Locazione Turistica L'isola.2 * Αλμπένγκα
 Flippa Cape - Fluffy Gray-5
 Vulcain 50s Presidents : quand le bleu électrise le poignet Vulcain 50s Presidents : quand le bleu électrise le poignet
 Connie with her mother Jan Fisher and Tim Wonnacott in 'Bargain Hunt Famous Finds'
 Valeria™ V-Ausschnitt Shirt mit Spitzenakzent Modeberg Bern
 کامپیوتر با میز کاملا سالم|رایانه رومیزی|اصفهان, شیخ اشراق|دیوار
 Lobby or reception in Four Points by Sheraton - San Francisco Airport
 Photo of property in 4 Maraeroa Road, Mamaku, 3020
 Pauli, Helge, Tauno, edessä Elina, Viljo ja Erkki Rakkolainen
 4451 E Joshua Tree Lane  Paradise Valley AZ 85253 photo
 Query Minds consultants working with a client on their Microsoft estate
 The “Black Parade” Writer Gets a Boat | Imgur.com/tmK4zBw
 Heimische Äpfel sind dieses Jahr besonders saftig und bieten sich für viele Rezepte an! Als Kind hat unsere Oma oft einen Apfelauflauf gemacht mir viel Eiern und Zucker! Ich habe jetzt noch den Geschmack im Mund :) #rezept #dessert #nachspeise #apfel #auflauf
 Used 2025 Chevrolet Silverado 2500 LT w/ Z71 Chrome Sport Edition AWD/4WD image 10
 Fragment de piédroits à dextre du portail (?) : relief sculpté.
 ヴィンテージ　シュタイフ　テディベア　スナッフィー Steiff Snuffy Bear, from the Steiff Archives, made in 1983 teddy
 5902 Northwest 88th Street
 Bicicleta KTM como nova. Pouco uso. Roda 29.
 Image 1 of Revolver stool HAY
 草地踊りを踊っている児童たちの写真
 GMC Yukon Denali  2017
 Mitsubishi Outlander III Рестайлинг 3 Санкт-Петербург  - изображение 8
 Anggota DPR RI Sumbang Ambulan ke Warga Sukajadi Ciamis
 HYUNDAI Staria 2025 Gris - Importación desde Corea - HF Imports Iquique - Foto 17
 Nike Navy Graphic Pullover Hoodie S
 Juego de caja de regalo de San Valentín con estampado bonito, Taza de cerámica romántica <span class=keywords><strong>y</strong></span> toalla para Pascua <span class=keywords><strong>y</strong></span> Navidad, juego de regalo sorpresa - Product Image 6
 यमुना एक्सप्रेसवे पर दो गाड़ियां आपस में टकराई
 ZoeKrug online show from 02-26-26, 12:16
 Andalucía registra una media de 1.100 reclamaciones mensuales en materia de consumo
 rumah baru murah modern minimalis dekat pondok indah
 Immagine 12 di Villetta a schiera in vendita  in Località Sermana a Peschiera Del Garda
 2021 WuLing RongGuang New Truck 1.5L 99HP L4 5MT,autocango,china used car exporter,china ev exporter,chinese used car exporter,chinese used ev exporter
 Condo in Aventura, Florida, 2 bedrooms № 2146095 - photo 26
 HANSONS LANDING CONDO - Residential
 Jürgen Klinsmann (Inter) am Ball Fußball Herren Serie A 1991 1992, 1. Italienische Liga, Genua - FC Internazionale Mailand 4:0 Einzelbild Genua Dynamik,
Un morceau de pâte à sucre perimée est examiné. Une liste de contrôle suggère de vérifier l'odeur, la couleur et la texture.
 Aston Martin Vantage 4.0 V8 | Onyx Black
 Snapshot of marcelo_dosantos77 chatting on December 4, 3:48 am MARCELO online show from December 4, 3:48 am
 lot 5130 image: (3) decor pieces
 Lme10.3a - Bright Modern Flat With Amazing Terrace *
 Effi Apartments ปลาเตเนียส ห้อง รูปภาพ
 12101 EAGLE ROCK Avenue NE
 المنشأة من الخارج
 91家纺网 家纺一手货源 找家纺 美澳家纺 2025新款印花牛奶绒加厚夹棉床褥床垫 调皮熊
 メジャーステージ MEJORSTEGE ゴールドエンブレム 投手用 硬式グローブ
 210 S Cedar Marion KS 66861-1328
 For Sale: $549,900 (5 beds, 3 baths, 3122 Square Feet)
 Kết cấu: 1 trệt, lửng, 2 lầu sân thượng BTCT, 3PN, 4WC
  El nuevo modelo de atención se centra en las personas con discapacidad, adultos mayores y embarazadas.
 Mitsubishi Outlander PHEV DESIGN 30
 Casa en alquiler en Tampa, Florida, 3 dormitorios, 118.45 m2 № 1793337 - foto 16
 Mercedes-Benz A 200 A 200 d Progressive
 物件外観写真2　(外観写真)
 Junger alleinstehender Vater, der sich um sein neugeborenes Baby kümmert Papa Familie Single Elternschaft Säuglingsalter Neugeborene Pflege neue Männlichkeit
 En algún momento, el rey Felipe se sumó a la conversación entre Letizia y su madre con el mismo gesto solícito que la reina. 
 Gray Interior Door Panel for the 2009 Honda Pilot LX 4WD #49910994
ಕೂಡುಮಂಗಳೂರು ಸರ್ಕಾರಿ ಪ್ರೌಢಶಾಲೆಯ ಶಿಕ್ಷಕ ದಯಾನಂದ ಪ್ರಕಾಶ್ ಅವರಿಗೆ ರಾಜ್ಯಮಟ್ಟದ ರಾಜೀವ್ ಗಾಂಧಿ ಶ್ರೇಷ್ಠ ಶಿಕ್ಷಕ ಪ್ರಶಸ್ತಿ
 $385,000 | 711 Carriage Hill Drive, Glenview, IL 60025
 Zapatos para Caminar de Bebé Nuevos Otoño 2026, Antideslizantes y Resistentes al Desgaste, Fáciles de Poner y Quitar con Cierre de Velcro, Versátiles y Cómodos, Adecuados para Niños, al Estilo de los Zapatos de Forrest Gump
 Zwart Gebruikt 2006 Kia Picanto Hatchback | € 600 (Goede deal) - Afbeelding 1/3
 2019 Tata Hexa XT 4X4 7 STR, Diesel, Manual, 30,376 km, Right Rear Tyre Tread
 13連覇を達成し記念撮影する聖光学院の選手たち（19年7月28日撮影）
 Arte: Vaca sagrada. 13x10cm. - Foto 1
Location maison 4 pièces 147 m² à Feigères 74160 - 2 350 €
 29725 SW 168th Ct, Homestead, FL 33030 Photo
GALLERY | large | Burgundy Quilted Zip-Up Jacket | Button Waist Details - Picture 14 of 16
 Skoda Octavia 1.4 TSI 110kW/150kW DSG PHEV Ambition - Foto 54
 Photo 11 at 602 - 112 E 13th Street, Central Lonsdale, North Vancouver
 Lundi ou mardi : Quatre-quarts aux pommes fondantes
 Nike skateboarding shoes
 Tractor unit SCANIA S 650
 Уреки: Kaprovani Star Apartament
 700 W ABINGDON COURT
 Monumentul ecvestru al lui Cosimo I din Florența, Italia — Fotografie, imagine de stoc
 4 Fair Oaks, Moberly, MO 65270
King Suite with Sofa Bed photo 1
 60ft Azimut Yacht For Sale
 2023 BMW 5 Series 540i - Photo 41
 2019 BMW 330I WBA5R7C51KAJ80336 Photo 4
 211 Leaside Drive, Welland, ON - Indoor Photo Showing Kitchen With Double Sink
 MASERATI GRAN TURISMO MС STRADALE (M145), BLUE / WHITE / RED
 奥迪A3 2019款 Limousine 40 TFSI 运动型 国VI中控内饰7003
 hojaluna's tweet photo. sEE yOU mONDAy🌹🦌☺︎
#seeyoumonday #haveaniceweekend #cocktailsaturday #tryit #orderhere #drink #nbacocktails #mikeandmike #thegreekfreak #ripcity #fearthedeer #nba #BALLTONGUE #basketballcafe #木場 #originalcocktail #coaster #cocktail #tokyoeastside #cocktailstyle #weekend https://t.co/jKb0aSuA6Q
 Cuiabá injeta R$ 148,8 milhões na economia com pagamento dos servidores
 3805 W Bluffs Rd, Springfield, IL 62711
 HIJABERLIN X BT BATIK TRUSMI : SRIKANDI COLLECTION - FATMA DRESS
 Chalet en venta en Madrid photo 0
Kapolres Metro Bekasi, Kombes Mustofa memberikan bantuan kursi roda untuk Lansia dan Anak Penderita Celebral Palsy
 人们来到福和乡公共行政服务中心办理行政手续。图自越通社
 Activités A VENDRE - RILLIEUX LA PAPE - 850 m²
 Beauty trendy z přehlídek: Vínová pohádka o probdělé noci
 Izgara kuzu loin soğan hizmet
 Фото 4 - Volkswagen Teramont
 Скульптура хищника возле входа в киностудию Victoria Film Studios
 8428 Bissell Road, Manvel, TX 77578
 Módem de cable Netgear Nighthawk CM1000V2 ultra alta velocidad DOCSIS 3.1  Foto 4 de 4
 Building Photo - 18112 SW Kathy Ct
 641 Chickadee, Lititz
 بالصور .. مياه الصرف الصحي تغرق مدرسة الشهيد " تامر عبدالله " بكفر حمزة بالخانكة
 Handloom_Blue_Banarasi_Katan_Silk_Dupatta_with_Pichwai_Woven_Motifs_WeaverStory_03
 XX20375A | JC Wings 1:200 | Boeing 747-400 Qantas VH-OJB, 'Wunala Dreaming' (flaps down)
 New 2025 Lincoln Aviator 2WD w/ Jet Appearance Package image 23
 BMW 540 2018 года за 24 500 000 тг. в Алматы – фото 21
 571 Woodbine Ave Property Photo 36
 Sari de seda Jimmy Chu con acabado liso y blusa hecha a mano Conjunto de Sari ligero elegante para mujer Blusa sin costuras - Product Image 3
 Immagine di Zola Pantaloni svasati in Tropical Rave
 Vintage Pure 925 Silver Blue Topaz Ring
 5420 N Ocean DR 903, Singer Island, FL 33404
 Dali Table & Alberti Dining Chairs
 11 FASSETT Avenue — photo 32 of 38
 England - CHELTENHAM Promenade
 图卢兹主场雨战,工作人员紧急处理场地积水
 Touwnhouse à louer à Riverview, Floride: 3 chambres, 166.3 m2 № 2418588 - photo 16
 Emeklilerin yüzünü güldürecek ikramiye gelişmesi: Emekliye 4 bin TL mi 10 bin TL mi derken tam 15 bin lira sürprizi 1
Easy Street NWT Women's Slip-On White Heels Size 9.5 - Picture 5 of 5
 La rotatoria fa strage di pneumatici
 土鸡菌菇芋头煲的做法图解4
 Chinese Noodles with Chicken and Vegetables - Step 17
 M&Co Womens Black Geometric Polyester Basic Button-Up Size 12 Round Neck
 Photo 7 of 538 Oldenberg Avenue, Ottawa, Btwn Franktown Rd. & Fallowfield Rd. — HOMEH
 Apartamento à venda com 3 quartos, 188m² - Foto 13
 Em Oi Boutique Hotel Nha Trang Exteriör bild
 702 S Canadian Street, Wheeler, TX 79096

============================================================

▸ YOUR ASSIGNMENT:
Return all lines from the entries that contain the string "Button".

▸ ANSWER AREA:
GALLERY | large | Burgundy Quilted Zip-Up Jacket | Button Waist Details - Picture 14 of 16
 M&Co Womens Black Geometric Polyester Basic Button-Up Size 12 Round Neck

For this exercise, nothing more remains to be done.